Recovering Deleted JPEGs from a FAT File System - Part 3

Part 3 in a series of posts on recovering deleted JPEG files from a FAT file system.

The FAT file system was invented in 1980 by Tim Paterson while developing 86-DOS, the precursor of MS-DOS. Since its creation, FAT has gone through a number of evolutions to accommodate growing disk sizes, and provide more capabilities. Although FAT is nearly 30 years old, it remains in common use due to its ubiquitous OS support and simplicity - both important factors for embedded consumer devices like digital cameras.

FAT's history is complex, a retelling could consume an entire series of posts itself. For this project, it is sufficient to know that there are three main variants - FAT12, FAT16, and FAT32 - each successively supporting larger maximum disk sizes. Generally speaking, the on-disk format of all three variants is very similar, so much so that code developed to grok one format can, with reasonable effort, be hacked to grok another1. In this project, we'll be working with a FAT16 file system which hdiutil can be explicitly requested to create by using the argument -fs "MS-DOS FAT16"2.

The following diagram depicts the high-level, on-disk structure of a FAT16 file system (not drawn to scale).

+---------+-------+--------+-------+---------------------+
|   BOOT  | RESV  |   FAT  | ROOT  |  DATA ............. |
|  SECTOR | (OPT) |        | DIR   |  AREA ............. |
+---------+-------+--------+-------+---------------------+
0                                                        N

In computer storage, capacity is divided into fixed sized units called sectors - typically 512 bytes long3. The sector is the fundamental unit for addressing storage and smallest amount of data that can be transferred to/from a disk drive.

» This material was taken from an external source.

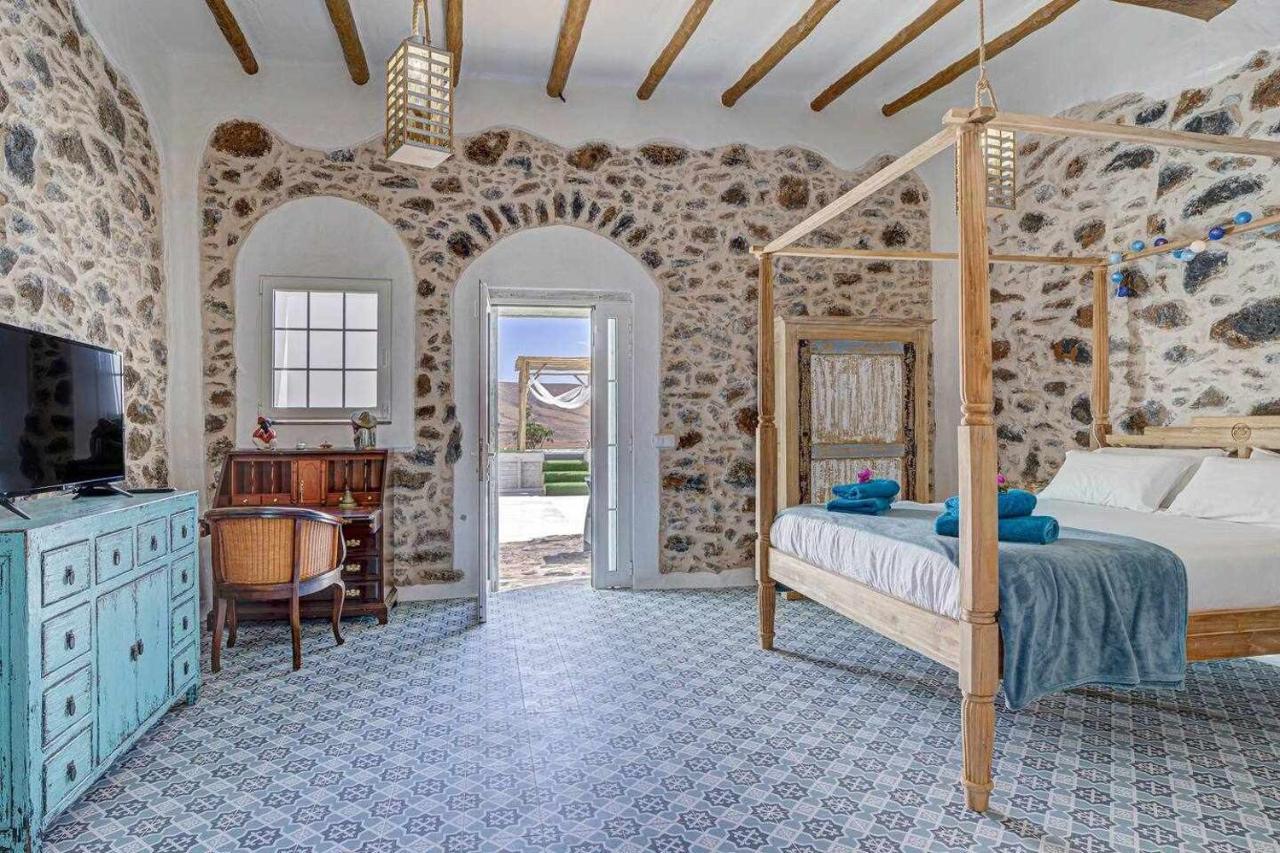 La Caldereta Rural Home エクステリア 写真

While older disk drives used an awkward addressing scheme based on physical geometry, newer drives use a linear series of sector addresses.

The first sector (offset 0) of a FAT16 file system contains the BOOT SECTOR which provides critical information about the file system's organization. Optionally, a number of sectors may be reserved after the boot sector (RESV).

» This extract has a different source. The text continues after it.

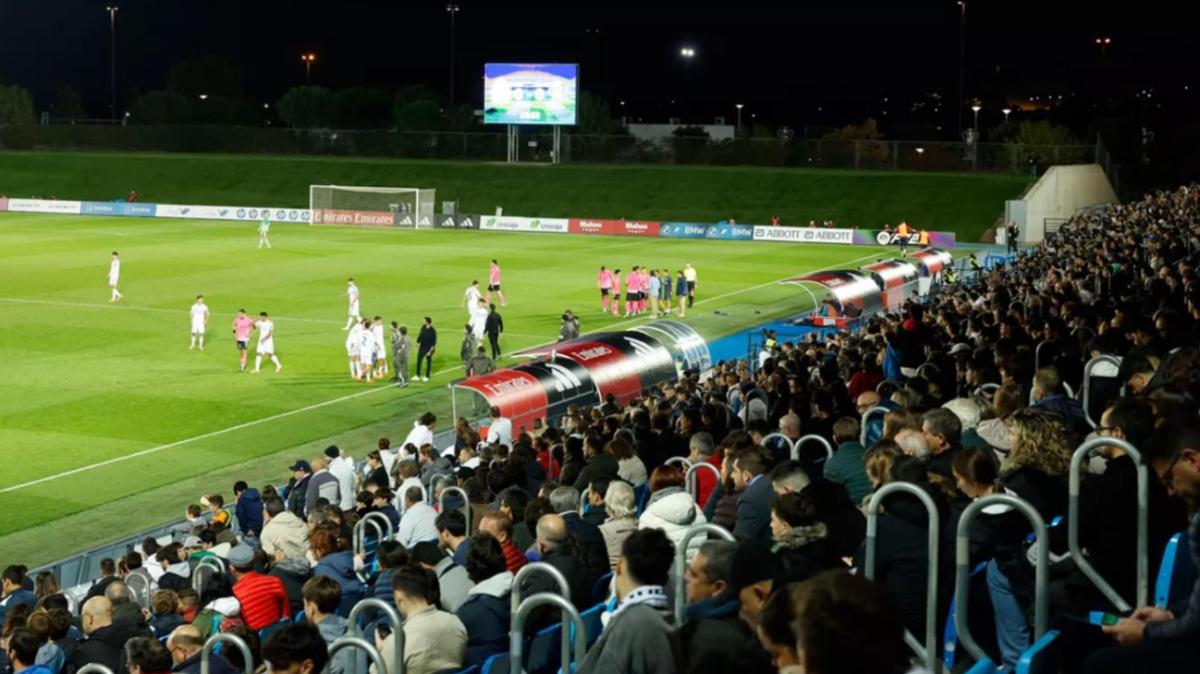 Hay pelea por el delantero del futuro: el Real Madrid se adelantó a todos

The next major data structure is the File Allocation Table (FAT) from which the file system gets its name. The FAT is essentially an array of 16bit elements 4 each representing a fixed size portion of the DATA AREA. To minimize the FAT's relative size, each element represents a cluster5, a power-of-two multiple number of sectors. In addition to tracking the allocation status of each DATA AREA cluster, FAT elements are also used to store pointers forming linked-lists describing the on-disk location of files and sub-directories spanning multiple clusters.

After the FAT comes the root directory area (ROOT DIR) used to hold the information describing the files and sub-directories at the top of the file system namespace tree. In FAT12 and FAT16, the root directory area is a fixed size which limits the numbers of files and sub-directories that can be stored in it.

The remainder of the disk capacity (DATA AREA) is essentially a heap allocated as needed to store file and sub-directory data. As mentioned previously, use of the DATA AREA is managed by the FAT.

In the next few posts, I'll describe each of these major areas in greater detail and present the code needed to interpret them. By the end, we should essentially have a read-only FAT file system implementation that will serve as the basis for the remainder of the project.

Footnotes:

1 Here I am ignoring many, many subtle differences and complications. A thorough discussion of the technical details for all of FAT's variants is outside the scope of this series. The curious reader is recommended to read the bountiful information available via a Google search. Brian Carrier's book, File System Forensic Analysis, is another valuable resource (which sadly wasn't available when I first did this project in 2004).

2 Note that FAT16 file systems have a minimum supported size - usually 16MB but some tools may allow smaller sizes.

3 Some enterprise level disk drives use a 520 byte sector - the additional 8 bytes are often used to store error checking and recovery information for RAID systems.

4 The size of the FAT elements is one of the principal differences between the file system variants. FAT12 uses 12bit entries while FAT32 uses 32bit entries. The FAT element size is one of the factors that determines each variant's maximum supported disk size.

5 Other file systems may use the term block instead of cluster.